Get the latest updates as we post them — right on your browser

. Last Updated: 07/27/2016

U.S. Finds Sheikh in Exile Guilty

NEW YORK -- A U.S. federal jury has found Egyptian cleric Sheikh Omar Abdel-Rahman and nine others guilty of plotting to blow up the World Trade Center, bomb the United Nations headquarters, kill Egypt's president and destroy vital highway tunnels in New York.

The guilty verdicts in the wide-ranging conspiracy case came Sunday, the seventh day of deliberations by the 12 members of the anonymous jury.

The blind militant Moslem cleric, who with the others was found guilty of seditious conspiracy and other crimes, faces life in prison when he is sentenced in January.

Also among the defendants was El Sayyid Nosair, who was found guilty of the 1990 murder of radical Rabbi Meir Kahane in New York. Nosair, who earlier had been cleared of state murder charges, also faces the possibility of life in prison.

The other defendants face up to 20 years in prison on the top count of sedition against the U.S. government.

Prosecutors said the deadly plot began with the Kahane killing and, under Abdel-Rahman's direction, grew to include plans to bomb the World Trade Center, the UN and the Lincoln and Holland tunnels in New York, and plans to assassinate Egyptian President Hosni Mubarak and U.S. political leaders.

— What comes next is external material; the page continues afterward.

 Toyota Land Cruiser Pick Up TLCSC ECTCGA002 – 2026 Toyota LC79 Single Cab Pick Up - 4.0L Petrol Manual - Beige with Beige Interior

In response to the verdicts, the sheikh said through his attorney, Abdeen Jabara: "Anyone who has chosen this path in life has to take this in equanimity. I'm not going to be the first one to be imprisoned because of my religious beliefs, and I won't be the last one. We will persevere and continue to be a servant of God."

Outside the courthouse, a phalanx of police officers assembled. Helicopters hovered overhead. Authorities said they were concerned about possible retaliation, especially during Pope John Paul II's visit later in the week and the 50th anniversary celebration of the UN later this month.

Airport operators and air carriers -- which already tightened security in August -- were ordered to adopt even more stringent security measures.

Transportation Secretary Federico Pena did not explicitly refer to the verdicts in asking carriers to review and tighten security measures, saying the decision was based on "a general threat against all U.S. interests at home and abroad."

Some 200 witnesses testified in the case and the jury heard hundreds of hours of secretly recorded conversations between informant Emad Salem, the government's chief witness, and several of the defendants. Under the charge of sedition, the defendants were convicted of conspiring to wage a war of urban terrorism against the United States. Other charges included attempted bombing and attempted murder.